Out-of-order microprocessors can provide improved computational performance by executing instructions in a sequence that is different from the order in the program, so that instructions are executed when their input data is available rather than waiting for the preceding instruction in the program to execute. In order to allow instructions to run out-of-order on a microprocessor it is useful to be able to rename registers used by the instructions. This enables the removal of “write-after-read” (WAR) dependencies from the instructions as these are not true dependencies. By using register renaming and removing these dependencies, more instructions can be executed out of program sequence, and performance is further improved. Register renaming is performed by maintaining a map of which registers named in the instructions (called architectural registers) are mapped onto the physical registers of the microprocessor.
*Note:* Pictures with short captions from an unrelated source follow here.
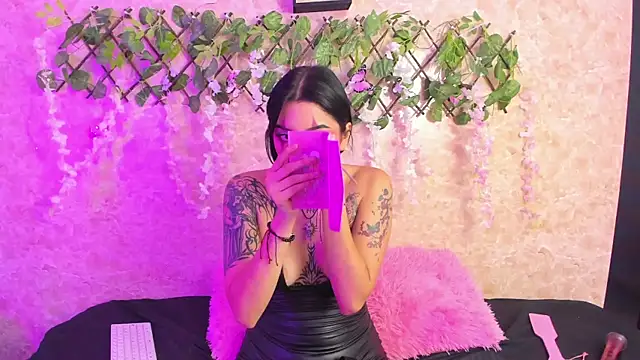 ImEmily444 online show from October 19, 1:30 am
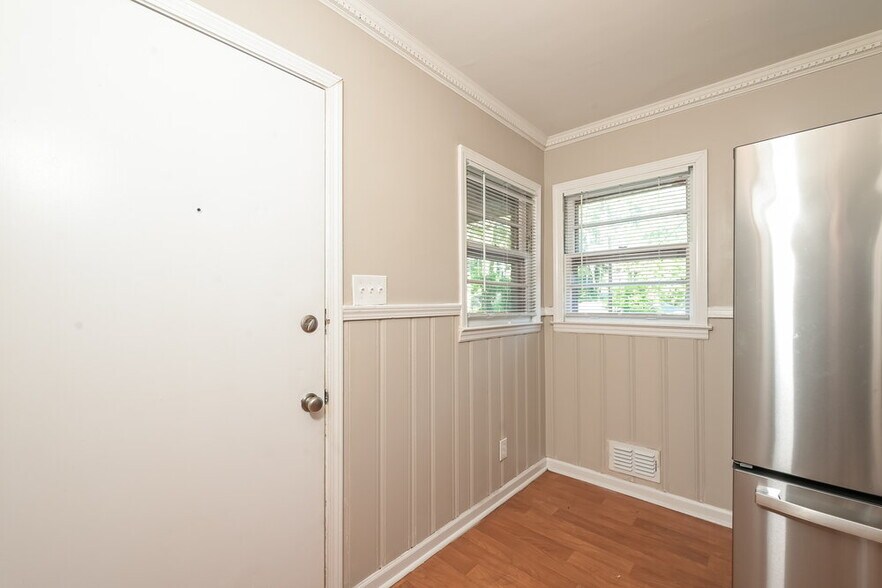 Building Photo - 1090 Longshore Dr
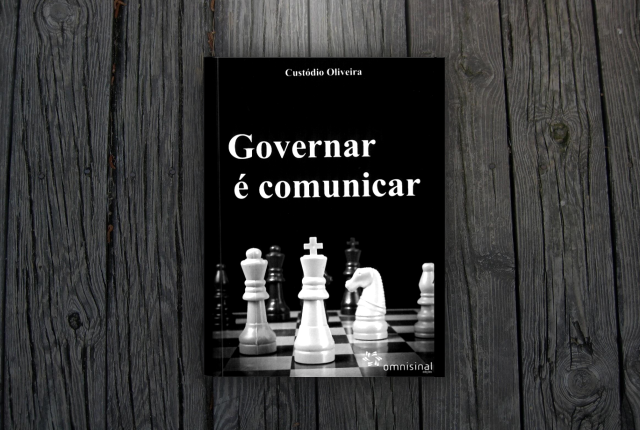 Capa Governar é Comunicar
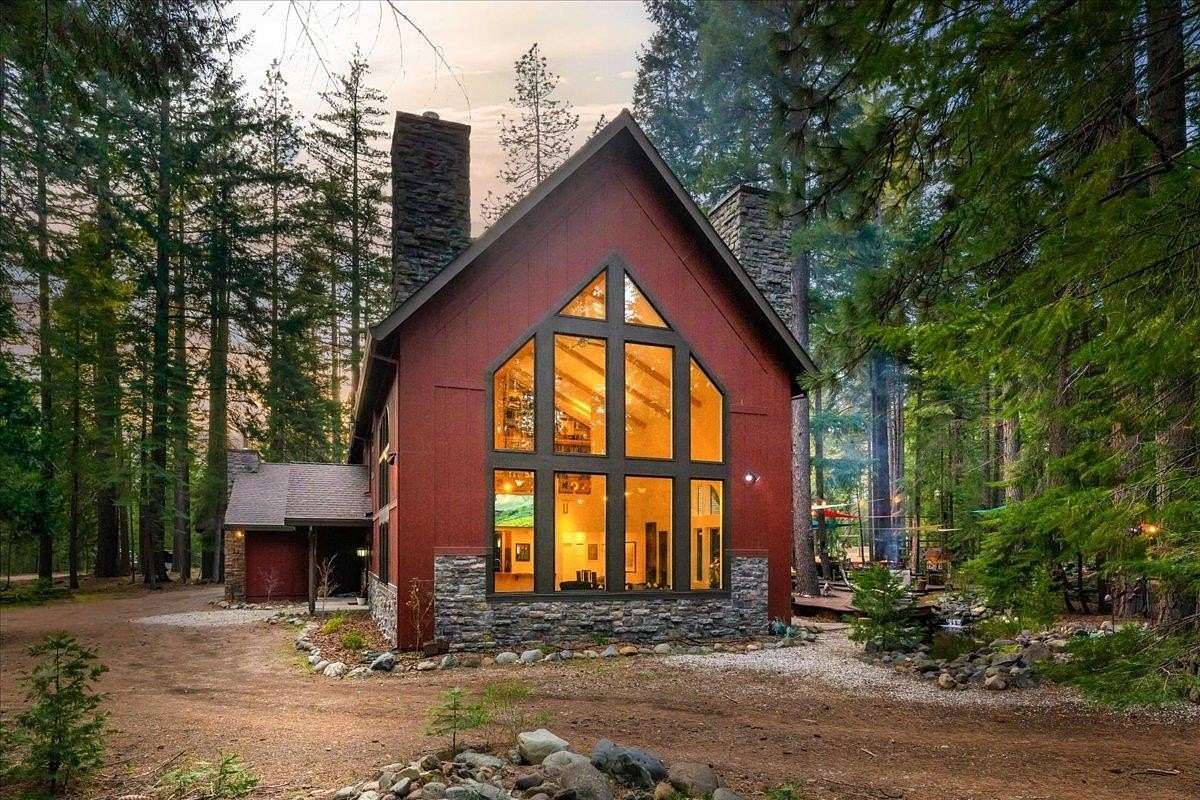 17.6 Acres of Land with Home for Sale in Mount Shasta, California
This map may be referred to as a “register renaming map.”
Due to there being a limited number of architectural registers, compilers cannot always keep all the program variables in registers and as a result some variables, which were stored in registers, may need to be saved to memory (usually to the program stack) to free up architectural registers. When the values of the variables are subsequently required, the values must be read back from the memory (e.g. the stack) into a register again. This reading from memory introduces a delay.
There are many situations where this problem of insufficient architectural registers may occur. For example, this problem may occur where there are more variables than architectural registers within a function (resulting in register spill) and/or when one function (the parent function) calls another function (the child function) and there are insufficient architectural registers for both the parent and child functions. Although one solution would be to increase the number of available architectural registers, this is typically not possible as it would change the size of the instruction set.
The embodiments described below are not limited to implementations which solve any or all of the disadvantages of known methods of operating a processor.